Your plan needs to address the industry as a whole, including relevant statistics, current trends, consumer demographics, and any external influences affecting the industry. Use this section to address how your business will fit into a specific industry and what (if any) subsections of the industry you will target.
Who will you battle for customers? The market analysis section requires you to validate that there is enough demand in the market for your business to both enter and grow. Research competitors in the industry, their market share, and how you plan to compete against them.
This is also a great opportunity to describe any industry barriers upon entry. You can explain how your company will establish itself — including your unique selling proposition — and share how the barriers will help protect your business from other startups or companies that want to go after your market share.
How will you execute your strategies and reach your goals? Your sales and marketing plan should clearly describe how you will grab the attention of busy consumers and persuade them to buy from your company. Use this opportunity to showcase your strengths, account for how your brand will stand out in the marketplace, and detail how you plan to build long-term customer loyalty for repeat business. Don’t forget to describe your pricing strategy and how it compares to the rest of your market, as well as the advertising strategies you will use during your launch and first year.

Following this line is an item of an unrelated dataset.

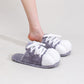 Cat Paw Lace-Up Closed-Toe Plush Slippers - image 9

Your business team section should focus on your business’ legal structure. Are you a sole proprietorship, partnership, corporation, or other type of business? Introduce your key team members such as managers, board members, and additional owners. Detail who owns what percentage of the company and each team member’s involvement in the business’ day-to-day operations.
Your operating plan gives insight into how your business will function on an ongoing basis and what daily operations will look like. The questions you’ll address in your operating plan may include:
Will you have a physical location?
What expenses are related to running the business?
This is the money-making section, which can be an exciting part to investigate and budget. The financials portion of your plan may be the most important because it shows how your business will make money and grow over time. This section is even more crucial if you’re seeking outside financing or investors to help fund your startup. Your financials should outline how your business will generate revenue and profit, and if necessary, how it will repay its loan or investors. Create monthly, annual, and three-to-five-year profit and loss projections and outline anticipated expenses.
Close your business plan with an appendix that provides supporting documentation such as bank statements, employee bios, licenses, agreements, and business credit history. Think of it as your supporting research and reference documents.
Once you’ve outlined a plan for your business and gathered all the necessary research and documentation, it’s time to write it. By following this template, you should have no problem taking your great idea from a general concept to real life. Your plan doesn’t have to be as long as War and Peace — it simply has to address each key point referenced above and show that your business addresses a need in the market. Then, after you finish writing your business plan, you can follow its guidance and get started on building your business.